Travelling to Santander on the Pont-Aven, how long does it take to off load in Santander.

Trevor


----------



## thieawin (Jun 7, 2006)

depends on where you are loaded and thus if you are first off or last off. It is a big boat and can take up to 45 minutes, plus 15 mins to queue and get through immigration and customs (passport control) so don't expect to be on the road to anywhere for an hour. Any less is a bonus


----------



## Grizzly (May 9, 2005)

As above. We have driven straight off from pole position and straight through all the officials with no stops at all. We have also been stuck in queues for everything from getting to the boat exit, checks on our papers and traffic on the roundabout outside the docks. The boat docks around lunchtime knocking off time and it is a good idea to use Street View etc to work out where you are going from the dock gate before you get there !

G


----------



## wug (May 19, 2011)

We were in Santander in early March waiting to board to return to the UK. The ship seemed quite full and the last one off was an hour after the first. Passport control was quick except for the few who were pulled over - maybe another 10 mins for checks of mostly sports cars. There's a new road layout for getting to and from the port. There's a map and directions on the BF website. Santander Port Map


----------



## Grizzly (May 9, 2005)

Part of the slow movement, both before and after the revised route out of town, is that disembarking vehicles have to wait to get out of the dock gates as the traffic is busy. This results in queues and the officials can't always work as quickly as they might like to.

G


----------



## Levvo001 (Jun 11, 2009)

We were off and on the motorway in about 20 mins last month.

That's after they'd sorted the "technical problem" which stopped them opening the doors which meant we and about 50 bikers were stuck in the very lowest deck for an hour...
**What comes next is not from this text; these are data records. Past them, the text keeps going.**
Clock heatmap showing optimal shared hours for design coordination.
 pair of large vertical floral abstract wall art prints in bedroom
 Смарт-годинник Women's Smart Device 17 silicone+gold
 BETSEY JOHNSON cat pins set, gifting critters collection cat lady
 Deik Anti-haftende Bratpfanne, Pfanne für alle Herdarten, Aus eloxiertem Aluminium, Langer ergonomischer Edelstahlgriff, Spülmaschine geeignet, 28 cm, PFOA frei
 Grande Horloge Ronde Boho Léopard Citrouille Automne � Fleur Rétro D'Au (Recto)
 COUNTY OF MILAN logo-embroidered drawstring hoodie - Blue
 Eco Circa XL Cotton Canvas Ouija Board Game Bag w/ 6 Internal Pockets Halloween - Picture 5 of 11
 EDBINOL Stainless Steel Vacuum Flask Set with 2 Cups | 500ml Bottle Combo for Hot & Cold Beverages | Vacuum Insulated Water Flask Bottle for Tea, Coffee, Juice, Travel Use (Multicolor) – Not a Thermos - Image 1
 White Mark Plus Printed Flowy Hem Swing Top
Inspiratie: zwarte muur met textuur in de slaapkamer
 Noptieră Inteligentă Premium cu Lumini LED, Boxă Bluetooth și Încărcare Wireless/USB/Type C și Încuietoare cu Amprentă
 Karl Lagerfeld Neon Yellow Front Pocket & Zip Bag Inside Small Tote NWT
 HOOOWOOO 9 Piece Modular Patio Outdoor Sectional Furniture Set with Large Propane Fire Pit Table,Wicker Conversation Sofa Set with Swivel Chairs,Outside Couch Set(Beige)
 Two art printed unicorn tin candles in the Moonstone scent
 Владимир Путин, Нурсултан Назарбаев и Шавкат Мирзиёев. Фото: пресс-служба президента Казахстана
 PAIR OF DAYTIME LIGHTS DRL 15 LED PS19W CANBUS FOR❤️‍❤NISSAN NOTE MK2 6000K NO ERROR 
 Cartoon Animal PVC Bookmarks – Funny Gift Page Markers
The latest route out of the docks doesn't touch the town at all so the lunchtime traffic's not a problem. Plenty of speedbumps though...


----------



## Mike48 (May 1, 2005)

Grizzly said:


> Part of the slow movement, both before and after the revised route out of town, is that disembarking vehicles have to wait to get out of the dock gates as the traffic is busy. This results in queues and the officials can't always work as quickly as they might like to.
> 
> G


No longer the case. You exit via the dock access road which runs parallel to the coast and bring you out at the junction with the motorway. This is far better as you no longer have to go through the town or around the back of the town. This new route is very quick unlike the previous arrangement.


----------